Figure 1 describes a simple test setup: Vbat and GND represent wires for positive and negative polarities of the power supply, respectively. The EUT in our case is a simple “Printed Circuit Board” (PCB) but it could represent any other electrical or electronic system. The EMC performance during CE testing consists of a comparison of the measured voltages/currents to the limits defined by a standard such as CISPR 25, which is the most applied standard in the automotive field. In our case, we focus on the voltage method. The choice of measurement is not a limitation, since testing by voltage method and by the current method are equivalent.
In this study, the EUT is a simple PCB composed of multiple ground layers and with one trace excited by a signal. We use it to illustrate the coupling between the trace and the ground plane and how the layout impacts this coupling. We study three cases:
- Case 1 consists of a 2-layer PCB. The excited trace is on the bottom layer. The top layer is the PCB ground reference (see Figure 2).
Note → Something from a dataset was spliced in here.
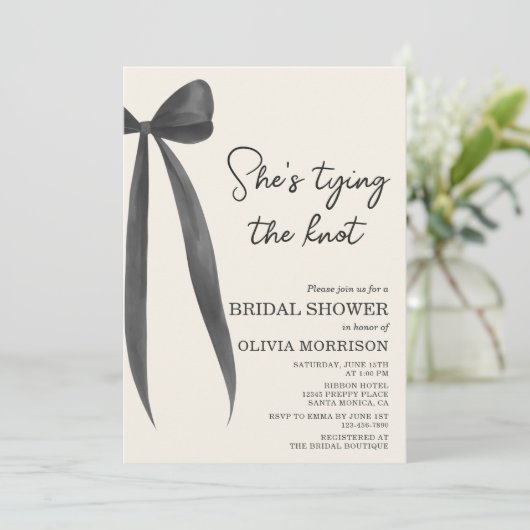 Invitation She's Tying the Knot Bow QR Code Bridal Shower (Debout devant)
- Case 2 consists of a 4-layer PCB with the excited trace between two solid PCB reference layers for the propagating signal (see Figure 3).
- Case 3 is the same as case 2, with a hole on the bottom layer just underneath the trace (see Figure 4).
Case 2 and case 3 are simplified to three layers instead of four. Indeed, L4 is suppressed to simplify the model and make the interpretation of the result easier. This simplification doesn’t impact the final result as there is no noise source between L3 and L4 and the voltage that could exist between them is neglectable. The ground layer could also be a power layer connected through decoupling capacitors. In our case, the capacitors are considered as perfect and layers are connected to each other using multiple vias to have a minimum impedance between them. The PCB model with three layers is therefore representative of the full 4-layer system.
The PCB has a rectangular form and dimensions of 21 cm by 10 cm, the trace length is equal to 21 cm and its width is equal to 0.25 mm as seen in Figure 5.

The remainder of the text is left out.